**Exercise brief**
Please reproduce, exactly and in full, the lines running from the one that contains "NEW 23250-0C050 Fuel" to the end of the entries.

★ ★ ★ ★ ★ ★ ★

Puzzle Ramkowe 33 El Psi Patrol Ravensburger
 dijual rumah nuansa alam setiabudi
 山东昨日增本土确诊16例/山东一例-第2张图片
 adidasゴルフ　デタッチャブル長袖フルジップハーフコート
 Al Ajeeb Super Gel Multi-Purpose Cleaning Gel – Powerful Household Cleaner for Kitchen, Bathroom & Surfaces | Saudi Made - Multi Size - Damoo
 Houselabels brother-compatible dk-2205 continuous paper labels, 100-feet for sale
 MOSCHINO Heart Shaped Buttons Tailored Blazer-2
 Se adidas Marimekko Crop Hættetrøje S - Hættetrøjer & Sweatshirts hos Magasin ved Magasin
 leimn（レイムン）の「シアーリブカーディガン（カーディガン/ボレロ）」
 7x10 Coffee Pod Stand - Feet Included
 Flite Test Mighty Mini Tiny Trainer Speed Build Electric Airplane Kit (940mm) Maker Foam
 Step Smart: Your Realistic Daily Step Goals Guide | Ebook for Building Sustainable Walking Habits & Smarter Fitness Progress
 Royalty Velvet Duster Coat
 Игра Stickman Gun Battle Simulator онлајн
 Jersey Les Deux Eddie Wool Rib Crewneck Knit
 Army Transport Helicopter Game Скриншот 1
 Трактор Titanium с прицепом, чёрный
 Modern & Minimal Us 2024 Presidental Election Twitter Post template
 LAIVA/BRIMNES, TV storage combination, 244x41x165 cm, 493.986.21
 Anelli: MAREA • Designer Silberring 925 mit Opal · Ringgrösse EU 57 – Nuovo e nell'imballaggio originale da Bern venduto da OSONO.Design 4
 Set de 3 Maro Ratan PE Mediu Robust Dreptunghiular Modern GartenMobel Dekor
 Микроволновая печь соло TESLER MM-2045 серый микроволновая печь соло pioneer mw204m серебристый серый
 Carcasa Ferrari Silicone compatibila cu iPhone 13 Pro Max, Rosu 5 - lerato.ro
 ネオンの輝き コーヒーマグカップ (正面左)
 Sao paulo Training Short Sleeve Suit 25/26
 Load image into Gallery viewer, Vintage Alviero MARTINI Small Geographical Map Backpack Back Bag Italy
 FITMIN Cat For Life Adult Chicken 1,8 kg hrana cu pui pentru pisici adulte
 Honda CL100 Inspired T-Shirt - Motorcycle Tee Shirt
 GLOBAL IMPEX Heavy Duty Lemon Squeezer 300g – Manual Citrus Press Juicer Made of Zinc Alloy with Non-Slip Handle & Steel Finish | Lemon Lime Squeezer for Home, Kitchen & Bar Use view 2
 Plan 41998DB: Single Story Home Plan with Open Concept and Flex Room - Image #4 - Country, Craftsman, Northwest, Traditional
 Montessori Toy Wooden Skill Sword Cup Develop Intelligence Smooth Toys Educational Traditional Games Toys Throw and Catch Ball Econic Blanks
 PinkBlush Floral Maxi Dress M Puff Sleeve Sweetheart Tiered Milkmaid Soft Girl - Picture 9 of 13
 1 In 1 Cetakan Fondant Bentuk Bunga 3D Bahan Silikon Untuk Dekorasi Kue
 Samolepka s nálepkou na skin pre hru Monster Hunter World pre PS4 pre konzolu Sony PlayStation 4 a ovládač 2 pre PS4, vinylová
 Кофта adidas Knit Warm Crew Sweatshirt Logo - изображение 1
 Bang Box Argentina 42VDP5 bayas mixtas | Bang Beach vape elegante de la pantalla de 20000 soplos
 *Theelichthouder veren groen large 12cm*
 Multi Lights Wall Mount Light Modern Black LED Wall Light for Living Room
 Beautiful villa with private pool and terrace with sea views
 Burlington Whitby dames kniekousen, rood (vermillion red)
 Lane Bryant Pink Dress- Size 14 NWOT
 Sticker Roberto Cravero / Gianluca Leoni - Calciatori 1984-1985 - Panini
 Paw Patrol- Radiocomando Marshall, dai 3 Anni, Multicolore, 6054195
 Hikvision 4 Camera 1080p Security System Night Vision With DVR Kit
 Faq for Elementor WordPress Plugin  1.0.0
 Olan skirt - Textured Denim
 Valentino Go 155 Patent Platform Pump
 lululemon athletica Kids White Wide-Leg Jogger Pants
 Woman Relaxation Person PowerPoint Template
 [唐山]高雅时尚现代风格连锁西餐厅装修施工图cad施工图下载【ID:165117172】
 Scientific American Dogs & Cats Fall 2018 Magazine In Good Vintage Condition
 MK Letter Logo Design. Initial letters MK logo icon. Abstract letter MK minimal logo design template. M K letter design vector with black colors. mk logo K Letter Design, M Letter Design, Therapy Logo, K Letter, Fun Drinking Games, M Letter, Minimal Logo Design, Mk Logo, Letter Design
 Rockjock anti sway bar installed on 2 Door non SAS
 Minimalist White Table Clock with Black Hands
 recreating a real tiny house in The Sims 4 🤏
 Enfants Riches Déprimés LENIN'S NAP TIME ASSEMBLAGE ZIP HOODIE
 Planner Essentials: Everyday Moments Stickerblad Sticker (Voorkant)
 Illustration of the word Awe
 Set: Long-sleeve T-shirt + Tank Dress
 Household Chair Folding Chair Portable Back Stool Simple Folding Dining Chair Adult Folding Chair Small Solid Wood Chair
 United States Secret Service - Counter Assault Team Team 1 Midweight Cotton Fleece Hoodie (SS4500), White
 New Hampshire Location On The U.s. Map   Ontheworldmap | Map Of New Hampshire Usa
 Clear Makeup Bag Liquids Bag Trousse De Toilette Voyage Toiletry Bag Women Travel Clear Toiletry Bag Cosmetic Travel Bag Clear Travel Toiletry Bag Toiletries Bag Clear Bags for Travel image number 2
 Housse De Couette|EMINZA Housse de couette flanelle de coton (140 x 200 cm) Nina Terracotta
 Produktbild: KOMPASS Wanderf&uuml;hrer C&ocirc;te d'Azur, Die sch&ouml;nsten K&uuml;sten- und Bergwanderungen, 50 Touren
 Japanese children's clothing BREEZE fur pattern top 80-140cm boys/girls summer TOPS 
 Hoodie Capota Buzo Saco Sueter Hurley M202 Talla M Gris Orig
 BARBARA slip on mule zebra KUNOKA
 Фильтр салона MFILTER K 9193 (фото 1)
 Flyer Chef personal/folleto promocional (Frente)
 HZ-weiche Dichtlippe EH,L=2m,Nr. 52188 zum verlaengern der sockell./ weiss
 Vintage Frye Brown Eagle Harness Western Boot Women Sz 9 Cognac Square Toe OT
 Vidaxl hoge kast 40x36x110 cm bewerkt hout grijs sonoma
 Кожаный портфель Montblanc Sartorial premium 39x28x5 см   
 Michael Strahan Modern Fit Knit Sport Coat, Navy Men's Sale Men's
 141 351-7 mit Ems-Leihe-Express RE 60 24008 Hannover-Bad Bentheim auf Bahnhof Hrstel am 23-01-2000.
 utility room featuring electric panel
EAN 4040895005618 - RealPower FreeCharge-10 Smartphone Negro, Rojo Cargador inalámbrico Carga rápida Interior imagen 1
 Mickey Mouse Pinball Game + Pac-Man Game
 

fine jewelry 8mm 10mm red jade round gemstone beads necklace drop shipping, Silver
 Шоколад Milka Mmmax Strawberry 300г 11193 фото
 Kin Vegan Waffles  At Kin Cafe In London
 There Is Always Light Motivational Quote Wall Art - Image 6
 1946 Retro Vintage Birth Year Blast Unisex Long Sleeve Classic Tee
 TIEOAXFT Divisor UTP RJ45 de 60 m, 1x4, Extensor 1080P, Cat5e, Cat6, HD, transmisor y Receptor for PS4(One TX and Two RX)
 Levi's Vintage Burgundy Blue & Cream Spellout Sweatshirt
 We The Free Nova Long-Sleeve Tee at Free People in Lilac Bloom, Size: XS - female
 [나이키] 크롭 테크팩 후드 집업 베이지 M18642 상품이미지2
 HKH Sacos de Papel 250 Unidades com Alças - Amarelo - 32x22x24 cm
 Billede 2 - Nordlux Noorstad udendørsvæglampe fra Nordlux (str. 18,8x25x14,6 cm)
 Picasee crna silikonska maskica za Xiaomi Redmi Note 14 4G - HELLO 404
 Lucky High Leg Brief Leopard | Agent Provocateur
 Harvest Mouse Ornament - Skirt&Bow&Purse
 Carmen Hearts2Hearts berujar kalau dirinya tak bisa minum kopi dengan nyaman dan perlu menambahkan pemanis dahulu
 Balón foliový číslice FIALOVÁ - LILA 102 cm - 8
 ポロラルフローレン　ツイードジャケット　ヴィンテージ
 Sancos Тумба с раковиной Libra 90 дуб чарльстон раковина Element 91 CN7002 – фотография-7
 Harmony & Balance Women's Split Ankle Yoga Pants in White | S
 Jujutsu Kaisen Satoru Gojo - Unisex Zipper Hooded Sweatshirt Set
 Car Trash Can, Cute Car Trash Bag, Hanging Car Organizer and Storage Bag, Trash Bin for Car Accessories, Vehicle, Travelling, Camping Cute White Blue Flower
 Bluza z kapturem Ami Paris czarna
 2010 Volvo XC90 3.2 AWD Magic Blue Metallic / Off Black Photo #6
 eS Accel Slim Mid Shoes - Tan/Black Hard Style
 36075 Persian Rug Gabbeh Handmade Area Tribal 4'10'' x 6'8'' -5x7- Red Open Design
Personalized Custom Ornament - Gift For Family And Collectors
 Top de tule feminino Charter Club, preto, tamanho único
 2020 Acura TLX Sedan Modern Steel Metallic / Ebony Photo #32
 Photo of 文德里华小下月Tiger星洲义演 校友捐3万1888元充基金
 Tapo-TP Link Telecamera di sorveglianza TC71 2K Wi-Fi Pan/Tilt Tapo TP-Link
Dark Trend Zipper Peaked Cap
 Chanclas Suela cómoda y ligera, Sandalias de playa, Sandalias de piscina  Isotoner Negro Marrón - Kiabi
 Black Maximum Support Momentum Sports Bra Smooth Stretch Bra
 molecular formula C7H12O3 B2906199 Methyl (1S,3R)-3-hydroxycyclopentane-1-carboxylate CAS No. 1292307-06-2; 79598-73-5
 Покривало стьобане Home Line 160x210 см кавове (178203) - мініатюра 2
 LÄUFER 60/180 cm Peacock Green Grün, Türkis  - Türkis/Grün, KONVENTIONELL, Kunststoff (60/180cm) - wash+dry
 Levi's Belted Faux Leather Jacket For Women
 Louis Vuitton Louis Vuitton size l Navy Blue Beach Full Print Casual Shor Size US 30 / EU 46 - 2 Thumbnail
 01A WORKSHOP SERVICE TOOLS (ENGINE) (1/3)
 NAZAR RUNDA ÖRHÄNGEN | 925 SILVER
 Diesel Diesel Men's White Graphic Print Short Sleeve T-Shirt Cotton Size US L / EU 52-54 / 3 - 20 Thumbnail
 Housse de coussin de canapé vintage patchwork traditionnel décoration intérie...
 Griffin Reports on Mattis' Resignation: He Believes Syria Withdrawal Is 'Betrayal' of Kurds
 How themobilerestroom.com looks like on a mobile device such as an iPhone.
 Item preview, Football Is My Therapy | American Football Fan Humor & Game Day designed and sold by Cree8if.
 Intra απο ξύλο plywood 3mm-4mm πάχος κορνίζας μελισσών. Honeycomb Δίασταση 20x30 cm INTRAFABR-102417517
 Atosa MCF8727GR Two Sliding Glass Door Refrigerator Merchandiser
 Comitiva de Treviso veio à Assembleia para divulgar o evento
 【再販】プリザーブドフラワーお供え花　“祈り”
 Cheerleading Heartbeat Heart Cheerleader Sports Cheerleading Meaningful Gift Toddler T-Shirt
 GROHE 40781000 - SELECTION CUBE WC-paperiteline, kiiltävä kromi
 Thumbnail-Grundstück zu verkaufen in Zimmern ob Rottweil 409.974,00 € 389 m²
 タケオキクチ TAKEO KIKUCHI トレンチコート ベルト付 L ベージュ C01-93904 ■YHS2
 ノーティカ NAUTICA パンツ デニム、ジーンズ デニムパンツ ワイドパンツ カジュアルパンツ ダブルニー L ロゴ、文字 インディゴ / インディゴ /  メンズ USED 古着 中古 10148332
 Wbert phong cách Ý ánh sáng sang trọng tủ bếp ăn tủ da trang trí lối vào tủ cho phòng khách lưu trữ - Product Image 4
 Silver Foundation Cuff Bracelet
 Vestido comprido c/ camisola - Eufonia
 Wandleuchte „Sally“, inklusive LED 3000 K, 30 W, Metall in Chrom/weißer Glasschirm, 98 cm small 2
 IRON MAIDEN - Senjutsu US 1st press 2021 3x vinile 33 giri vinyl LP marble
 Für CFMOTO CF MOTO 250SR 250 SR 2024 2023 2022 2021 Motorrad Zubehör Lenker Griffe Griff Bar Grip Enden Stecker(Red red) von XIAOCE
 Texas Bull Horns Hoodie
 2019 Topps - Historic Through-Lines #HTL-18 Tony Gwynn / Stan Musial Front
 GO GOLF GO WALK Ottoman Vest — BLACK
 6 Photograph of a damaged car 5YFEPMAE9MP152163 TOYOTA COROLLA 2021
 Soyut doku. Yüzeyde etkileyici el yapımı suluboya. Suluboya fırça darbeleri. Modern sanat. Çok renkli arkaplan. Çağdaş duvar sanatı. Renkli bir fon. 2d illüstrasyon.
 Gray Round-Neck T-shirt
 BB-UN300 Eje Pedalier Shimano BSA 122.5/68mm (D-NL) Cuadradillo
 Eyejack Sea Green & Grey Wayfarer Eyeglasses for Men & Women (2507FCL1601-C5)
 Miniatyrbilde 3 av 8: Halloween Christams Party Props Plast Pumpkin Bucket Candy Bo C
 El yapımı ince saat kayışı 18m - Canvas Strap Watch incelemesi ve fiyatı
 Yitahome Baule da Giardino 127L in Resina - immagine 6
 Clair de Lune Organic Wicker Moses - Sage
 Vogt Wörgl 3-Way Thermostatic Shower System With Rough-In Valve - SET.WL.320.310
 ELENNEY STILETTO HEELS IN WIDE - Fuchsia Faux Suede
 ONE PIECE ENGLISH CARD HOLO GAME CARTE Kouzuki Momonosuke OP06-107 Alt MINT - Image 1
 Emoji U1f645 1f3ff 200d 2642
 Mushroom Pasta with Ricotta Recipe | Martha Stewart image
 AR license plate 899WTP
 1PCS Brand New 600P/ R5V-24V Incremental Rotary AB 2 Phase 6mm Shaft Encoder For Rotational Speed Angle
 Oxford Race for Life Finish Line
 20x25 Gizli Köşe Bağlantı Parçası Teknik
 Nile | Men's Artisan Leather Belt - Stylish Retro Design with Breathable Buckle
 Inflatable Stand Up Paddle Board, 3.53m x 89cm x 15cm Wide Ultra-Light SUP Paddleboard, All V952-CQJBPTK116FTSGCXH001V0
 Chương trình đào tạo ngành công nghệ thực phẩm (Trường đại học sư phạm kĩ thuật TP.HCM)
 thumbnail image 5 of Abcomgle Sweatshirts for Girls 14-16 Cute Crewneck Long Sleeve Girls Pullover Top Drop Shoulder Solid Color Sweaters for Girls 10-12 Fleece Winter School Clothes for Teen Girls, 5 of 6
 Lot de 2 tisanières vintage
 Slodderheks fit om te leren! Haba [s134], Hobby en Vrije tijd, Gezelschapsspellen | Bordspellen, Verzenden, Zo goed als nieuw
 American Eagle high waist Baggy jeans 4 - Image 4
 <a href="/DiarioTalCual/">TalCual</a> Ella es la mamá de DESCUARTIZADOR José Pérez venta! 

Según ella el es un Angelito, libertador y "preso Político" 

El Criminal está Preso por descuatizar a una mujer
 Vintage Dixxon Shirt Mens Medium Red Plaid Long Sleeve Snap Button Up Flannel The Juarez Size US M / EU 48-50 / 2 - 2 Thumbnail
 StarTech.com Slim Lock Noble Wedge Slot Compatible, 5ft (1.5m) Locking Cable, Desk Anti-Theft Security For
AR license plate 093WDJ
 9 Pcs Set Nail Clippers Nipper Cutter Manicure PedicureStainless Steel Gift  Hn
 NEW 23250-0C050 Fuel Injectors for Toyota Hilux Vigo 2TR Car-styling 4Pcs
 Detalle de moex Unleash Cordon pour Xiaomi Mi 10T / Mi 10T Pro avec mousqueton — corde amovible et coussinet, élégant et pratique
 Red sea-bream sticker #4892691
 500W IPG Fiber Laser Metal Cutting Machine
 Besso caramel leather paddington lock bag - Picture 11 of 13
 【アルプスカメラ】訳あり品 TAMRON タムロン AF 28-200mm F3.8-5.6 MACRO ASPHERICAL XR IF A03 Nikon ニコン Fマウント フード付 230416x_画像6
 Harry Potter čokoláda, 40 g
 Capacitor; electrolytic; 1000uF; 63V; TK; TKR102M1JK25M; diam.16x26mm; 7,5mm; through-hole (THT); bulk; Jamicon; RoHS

★ ★ ★ ★ ★ ★ ★

**Response to the task**
 NEW 23250-0C050 Fuel Injectors for Toyota Hilux Vigo 2TR Car-styling 4Pcs
 Detalle de moex Unleash Cordon pour Xiaomi Mi 10T / Mi 10T Pro avec mousqueton — corde amovible et coussinet, élégant et pratique
 Red sea-bream sticker #4892691
 500W IPG Fiber Laser Metal Cutting Machine
 Besso caramel leather paddington lock bag - Picture 11 of 13
 【アルプスカメラ】訳あり品 TAMRON タムロン AF 28-200mm F3.8-5.6 MACRO ASPHERICAL XR IF A03 Nikon ニコン Fマウント フード付 230416x_画像6
 Harry Potter čokoláda, 40 g
 Capacitor; electrolytic; 1000uF; 63V; TK; TKR102M1JK25M; diam.16x26mm; 7,5mm; through-hole (THT); bulk; Jamicon; RoHS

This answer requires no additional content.